Proprio non ci sono come figura , il particolare è curioso se ci fate caso.
Voglio dire: ci sono centinaia di milioni di islamici in quell'area che hanno , chi per un motivo , chi per un altro, poco affetto nei confronti di Isreale
giudicato come fonte di ogni male dell'area , anche da chi avrebbe da biasimare i propri di politici e leader religiosi prima di tutto.

Esiste poi una minoranza di arabi , originari di quella nazione che vivono in territori occupati e non se la passano bene.

Tutti sanno che fra costoro e gli ebrei israeliani non corre buon sangue ; Una ininterrotta guerriglia , spesso con mezzi di fortuna alla quale sl meglio armato esercito israeliano fa seguire sanguinose azioni di rappresaglia.

E' sicuramente una delle questioni più importanti dell'odierno stato ebraico.
I media riportano talvolta scene drammatiche alle quali la risposta è di malcelato fastidio.
Al di la della propaganda spicciola, la posizione del popolo palestinese sembra davvero disperata e tentazioni di "risolvere " la questione facendo parlare i cannoni sono sempre più evidenti.

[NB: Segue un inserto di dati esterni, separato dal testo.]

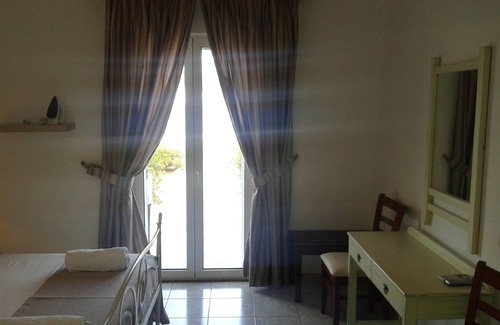 Sitia Hotel | Discover Petras Beach: Family-Friendly with Delightful Dining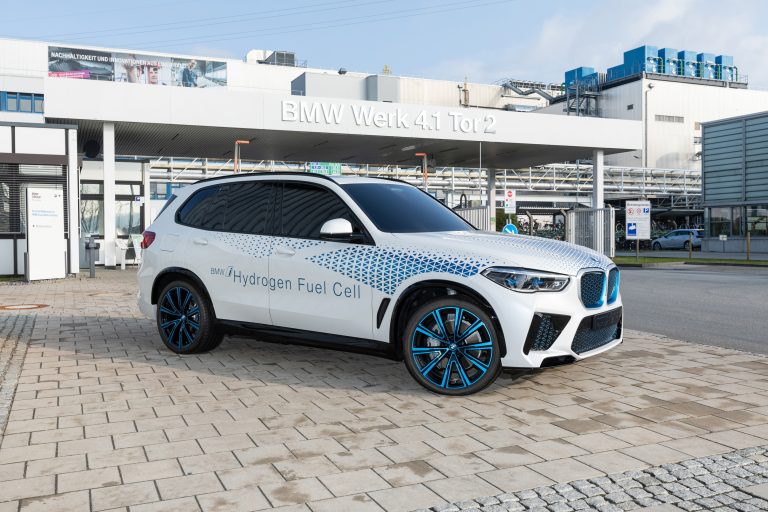 Urýchľovanie inovácií vodíkovej technológie a trvalo udržateľnej mobility zajtrajška bez emisií CO2.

Ebbene, queste figure non sono nemmeno accennate; in compenso i cartonisti ebrei dipingono i loro corrilegionari come dei mostri.
Non ci sono accenni alle guerre in Mo, alla situazione in palestina. Niente di niente. Perchè?


Art Spiegelman, uno dei giurati , ha espresso un giudizio non proprio positivo sulle vignette presentate; per lui, artista raffinatissimo, quelle vignette cosi pesanti ideate e disegnate da altri ebrei , non devono aver fatto un bell'effetto.